- _Raw data_
● ● ●
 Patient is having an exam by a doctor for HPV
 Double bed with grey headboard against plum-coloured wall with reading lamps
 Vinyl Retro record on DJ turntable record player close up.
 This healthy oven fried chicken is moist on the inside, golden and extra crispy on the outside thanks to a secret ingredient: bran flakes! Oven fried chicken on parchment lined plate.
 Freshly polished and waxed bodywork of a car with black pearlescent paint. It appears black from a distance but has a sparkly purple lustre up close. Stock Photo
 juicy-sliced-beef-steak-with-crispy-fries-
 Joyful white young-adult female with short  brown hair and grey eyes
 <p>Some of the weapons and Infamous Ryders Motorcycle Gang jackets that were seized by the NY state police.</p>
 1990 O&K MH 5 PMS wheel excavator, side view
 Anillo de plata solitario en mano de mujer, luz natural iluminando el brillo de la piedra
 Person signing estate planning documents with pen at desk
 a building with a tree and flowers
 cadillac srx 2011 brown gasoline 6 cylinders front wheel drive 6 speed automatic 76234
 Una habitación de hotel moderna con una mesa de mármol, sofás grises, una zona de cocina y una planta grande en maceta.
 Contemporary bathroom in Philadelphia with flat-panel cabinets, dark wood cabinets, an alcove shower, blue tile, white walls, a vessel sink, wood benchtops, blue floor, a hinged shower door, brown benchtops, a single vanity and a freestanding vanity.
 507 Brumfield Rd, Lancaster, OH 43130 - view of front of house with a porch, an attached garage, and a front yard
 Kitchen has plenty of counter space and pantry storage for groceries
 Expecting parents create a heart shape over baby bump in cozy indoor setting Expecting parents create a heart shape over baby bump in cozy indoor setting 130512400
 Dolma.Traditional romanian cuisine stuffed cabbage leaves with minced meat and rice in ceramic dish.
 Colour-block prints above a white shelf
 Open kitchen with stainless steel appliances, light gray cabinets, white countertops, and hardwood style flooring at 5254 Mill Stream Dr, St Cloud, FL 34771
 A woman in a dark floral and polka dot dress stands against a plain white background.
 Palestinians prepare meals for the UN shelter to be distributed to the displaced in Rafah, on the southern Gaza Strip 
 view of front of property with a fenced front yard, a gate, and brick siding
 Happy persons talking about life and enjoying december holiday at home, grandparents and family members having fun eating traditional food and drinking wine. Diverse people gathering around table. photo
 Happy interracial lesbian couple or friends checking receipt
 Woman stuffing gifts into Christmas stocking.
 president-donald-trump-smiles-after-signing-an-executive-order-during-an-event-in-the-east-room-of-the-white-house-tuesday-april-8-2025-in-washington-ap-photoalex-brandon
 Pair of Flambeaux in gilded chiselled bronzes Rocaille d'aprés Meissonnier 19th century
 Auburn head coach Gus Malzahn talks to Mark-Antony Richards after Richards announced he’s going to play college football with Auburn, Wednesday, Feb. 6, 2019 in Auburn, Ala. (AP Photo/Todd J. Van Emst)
● ● ●
- _What the task requires_
With the line that has "Dolma.Traditional romanian cuisine" as the first and the line that has "Colour-block prints above a white shelf" as the last, repeat exactly that run of lines above and no more.

- _Solution_
 Dolma.Traditional romanian cuisine stuffed cabbage leaves with minced meat and rice in ceramic dish.
 Colour-block prints above a white shelf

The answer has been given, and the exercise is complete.